For International Translation Day, we asked literary translator and Audrey editor, Lucy Rand, to give her take on why we need translation.
Escapism done properly
The first motivation people cite for reading or listening to fiction is to escape, and the easiest way to escape is to read about a life or a place that’s unfamiliar. Personally I’m really into Japanese literature at the moment. There’s something about the atmosphere that Japanese authors and their translators create that is so distinctive, and so far from the atmosphere of my daily life.

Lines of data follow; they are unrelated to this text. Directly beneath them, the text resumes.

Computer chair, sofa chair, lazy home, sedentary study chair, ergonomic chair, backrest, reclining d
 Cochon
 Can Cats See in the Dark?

But whether we want to escape to an island off the coast of Finland, a cabin in the mountains in Italy, or into the life of a convenience store clerk in Japan, we need translation.
Cross-pollination
Different languages have different literary traditions that have been formed in completely distinct, sometimes isolated, social and cultural contexts. You’d be hard-pushed to find an author who claims their writing isn’t influenced by a whole ecosystem of the writing that has come before, and when we start reading fiction in translation, we expand this ecosystem thousands-fold.
Rónán Hession’s novel Leonard and Hungry Paul is famously free of conflict. This, according to the Anglophone canon, is a recipe for a flop. But Hession reads a lot of literature in translation, and noticed that there are other ways to structure a gripping novel that don’t depend on conflict, thus ushering a new way of writing and reading into English-language literature.
We wouldn’t have Ferrante…
Or De Beauvoir, or Tolstoy, or Fanon, or Knausgård, or Proust, or Tokarczuk, or the Bible, or Jansson, or scandi-noir, or Murakami…
For the mathematicians
94% of people in the world have a first language that isn’t English.
5% of fiction published in the UK each year is translated.